Click here to monitor SSC
SQLServerCentral is supported by Red Gate Software Ltd.
 
Log in  ::  Register  ::  Not logged in
 
 
 
        
Home       Members    Calendar    Who's On


Add to briefcase ««12

A Collaborative Approach To Table Compression Expand / Collapse
Author
Message
Posted Thursday, January 13, 2011 2:23 PM
SSC Rookie

SSC RookieSSC RookieSSC RookieSSC RookieSSC RookieSSC RookieSSC RookieSSC Rookie

Group: General Forum Members
Last Login: Tuesday, July 22, 2014 10:43 PM
Points: 27, Visits: 200
Compression does not work well on any data stream < 150 bytes (+/-)
For most techniques the first 100 bytes, or so, are used to store header information to reverse the compression.

Given this ROW compression should be reserved for tables with long row datalengths.
But before considering this approach there are several ways to reduce the 'byte-count' without compression (varchar instead of nvarchar etc). Compressing 'blob' data before it enters the database.
As always, it's about getting extra row(s) into an individual page or reducing the number of pages taken by an single row.

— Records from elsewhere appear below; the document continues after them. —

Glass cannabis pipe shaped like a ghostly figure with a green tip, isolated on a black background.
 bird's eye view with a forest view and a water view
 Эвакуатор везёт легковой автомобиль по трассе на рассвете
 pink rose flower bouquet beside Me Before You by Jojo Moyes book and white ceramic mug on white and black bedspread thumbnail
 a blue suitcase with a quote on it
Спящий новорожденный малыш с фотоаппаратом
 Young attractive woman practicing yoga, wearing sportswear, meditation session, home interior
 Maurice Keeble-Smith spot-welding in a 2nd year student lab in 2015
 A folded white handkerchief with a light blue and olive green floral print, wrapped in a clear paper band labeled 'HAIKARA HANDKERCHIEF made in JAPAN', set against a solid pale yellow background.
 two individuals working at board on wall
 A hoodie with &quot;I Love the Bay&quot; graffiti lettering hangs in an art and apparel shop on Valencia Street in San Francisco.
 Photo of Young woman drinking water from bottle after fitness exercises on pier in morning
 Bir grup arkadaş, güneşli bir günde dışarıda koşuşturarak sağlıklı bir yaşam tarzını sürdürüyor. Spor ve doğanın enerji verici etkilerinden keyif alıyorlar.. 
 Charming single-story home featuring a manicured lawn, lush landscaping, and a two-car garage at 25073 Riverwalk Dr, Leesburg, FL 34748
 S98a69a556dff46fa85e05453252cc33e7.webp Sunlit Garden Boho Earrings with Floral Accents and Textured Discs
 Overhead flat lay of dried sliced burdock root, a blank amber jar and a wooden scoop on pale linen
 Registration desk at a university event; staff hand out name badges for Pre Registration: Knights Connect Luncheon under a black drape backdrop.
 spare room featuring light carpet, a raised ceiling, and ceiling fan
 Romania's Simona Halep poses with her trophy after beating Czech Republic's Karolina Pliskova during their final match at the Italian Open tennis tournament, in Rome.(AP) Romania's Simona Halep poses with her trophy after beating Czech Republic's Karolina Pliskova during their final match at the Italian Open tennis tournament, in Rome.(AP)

The biggest drawback here occurs during a page-split. The page needs to be reconstitued - every row expanded, the split made, then every row re-compressed The re-compression doesn't happen until the next write, so there could be some delay before you see your performance hit.

PAGE compression on the other hand is a 'what have we got to loose' option. The 8K page is compressed (an awful lot of them) when it is written, and may never need to be expanded again.

The page-split is still an issue, but an 8K decompress is a minor (and known) performance hit. You will run into performace problems if your tables/indexes have high page-split metrics.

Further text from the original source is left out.